What is being asked:
Copy, word for word, the lines below from the one containing "ENGLISH 202 TUTORIALS: ROMANTICISM" up to and including the one containing "Профнастил H114ПГ-0.65, для", with pictures left out.

Given data:
※

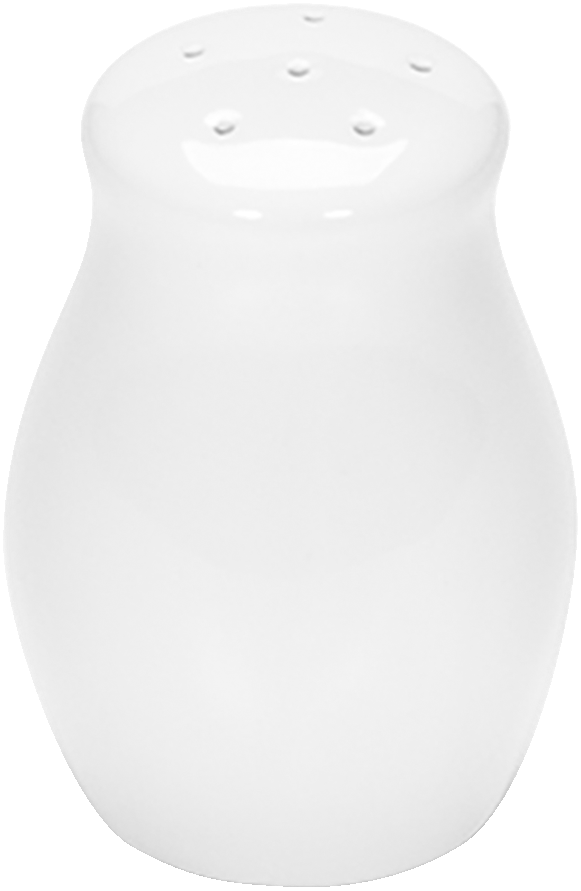 Weißer Salzstreuer aus Porzellan.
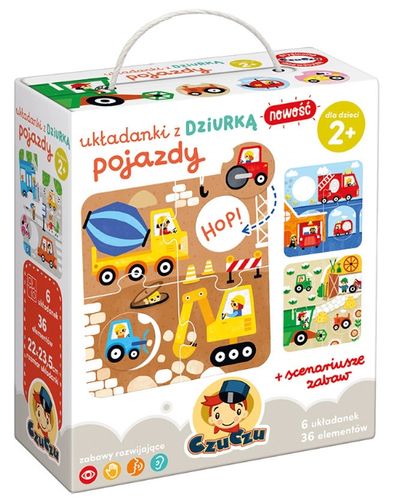 CZUCZU Puzzle Układanki z Dziurką POJAZDY 6 Układanek 36 Elementów 2+ na Arena.pl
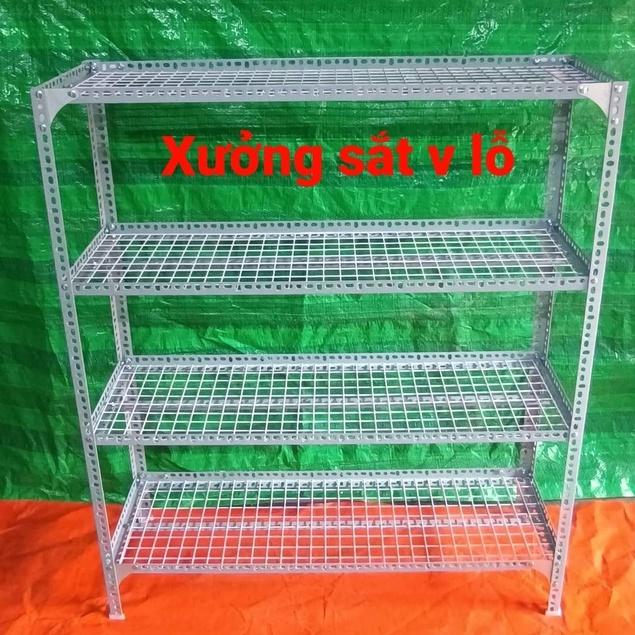 Kệ sắt v lỗ Rộng 30cm x Dài 1,5m ,Cao từ 60cm đến 1,5m ,kệ sắt v lỗ vỉ lưới sắt ô vuông nhiều tầng kệ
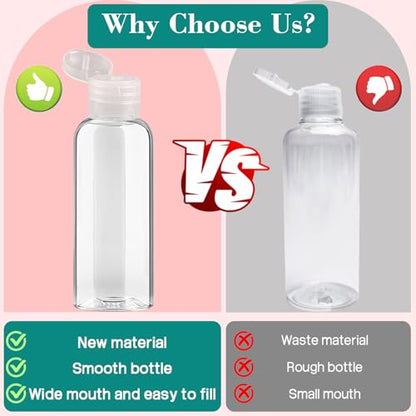 10pcs Empty 3.4 oz Travel Bottles with Flip Cap for Liquids Lotion - color: Clear Bottle (Clear Cap), size: 10 Packs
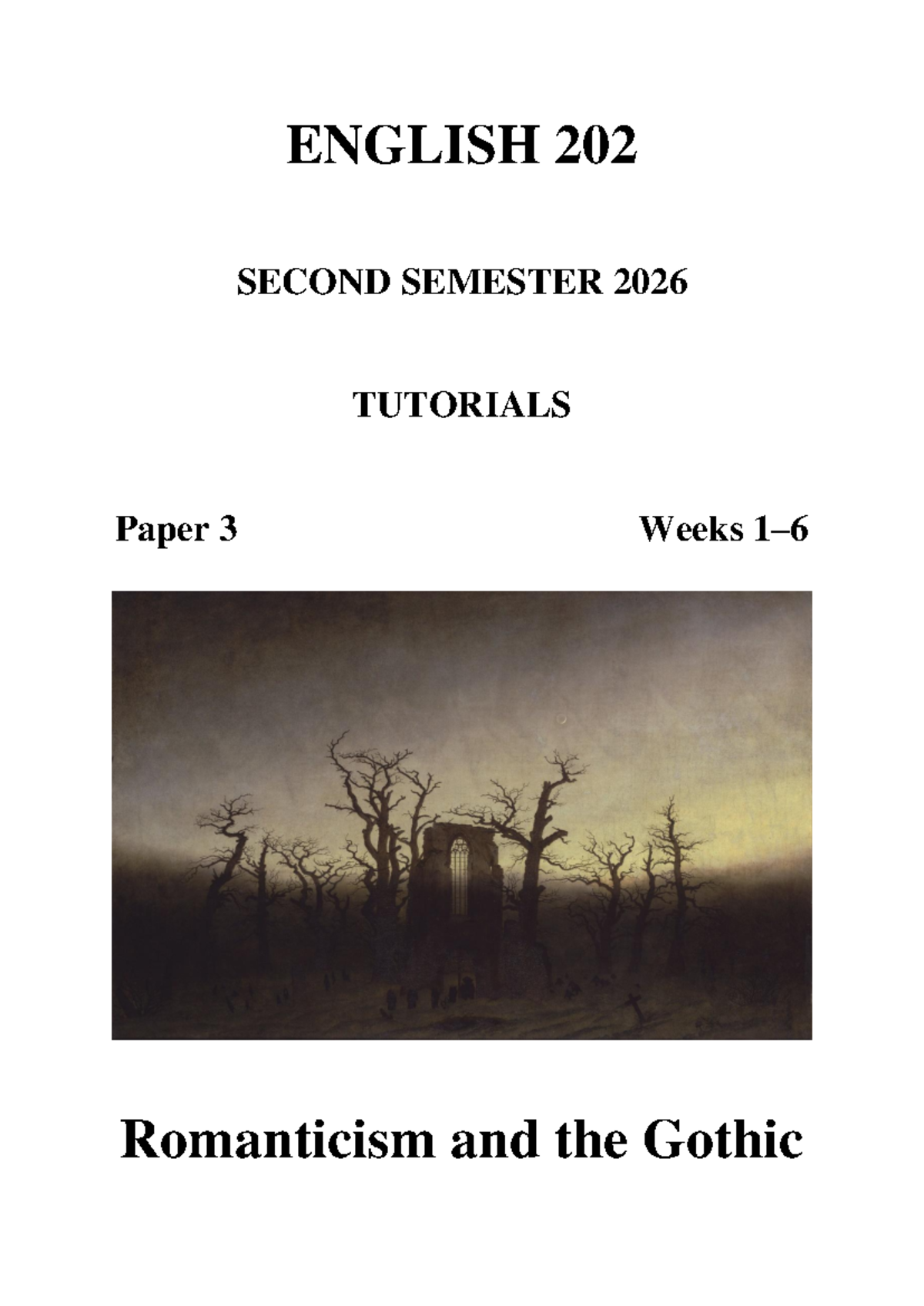 ENGLISH 202 TUTORIALS: ROMANTICISM & GOTHIC LITERATURE STUDY GUIDE ...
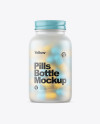 Frosted Glass Bottle With Pills Mockup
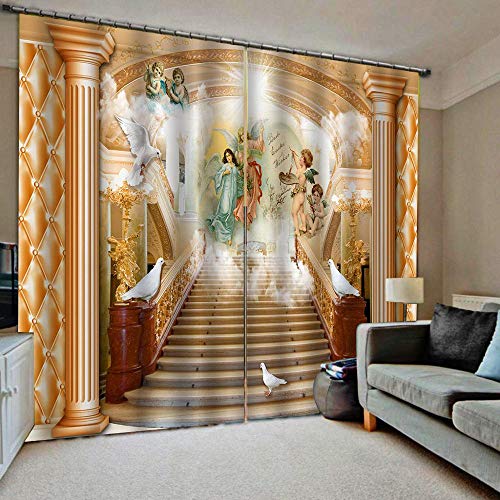 Minyose Europa Vorhänge 3D Fenstervorhang Luxus Blackout Für Wohnzimmer Engel Vorhang Römischen Gold Vorhänge 2 Panel/Set (B) 220X (H) 215 cm von Minyose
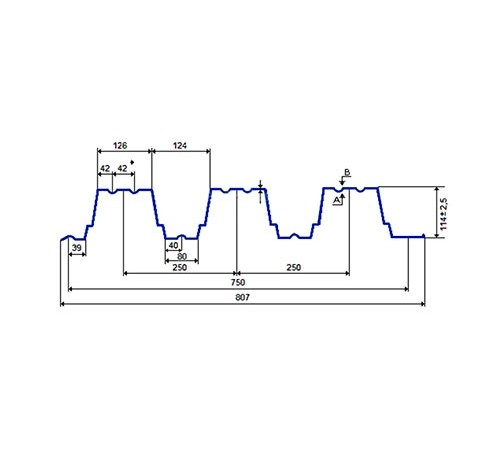 Профнастил H114ПГ-0.65, для бескаркасных ангаров, Полиэстер RAL 3003.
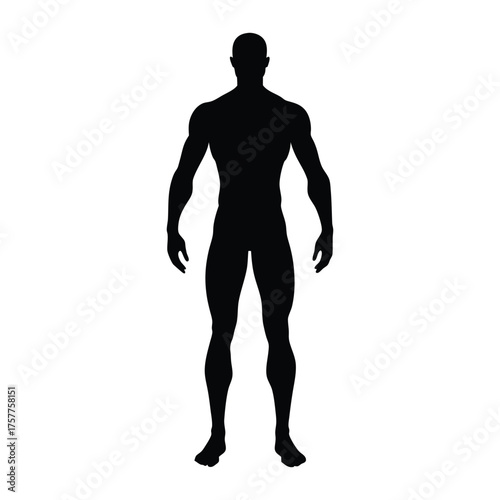 Full body silhouette of fit man standing isolated on white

※

Response below:
 ENGLISH 202 TUTORIALS: ROMANTICISM & GOTHIC LITERATURE STUDY GUIDE ...
 Frosted Glass Bottle With Pills Mockup
 Minyose Europa Vorhänge 3D Fenstervorhang Luxus Blackout Für Wohnzimmer Engel Vorhang Römischen Gold Vorhänge 2 Panel/Set (B) 220X (H) 215 cm von Minyose
 Профнастил H114ПГ-0.65, для бескаркасных ангаров, Полиэстер RAL 3003.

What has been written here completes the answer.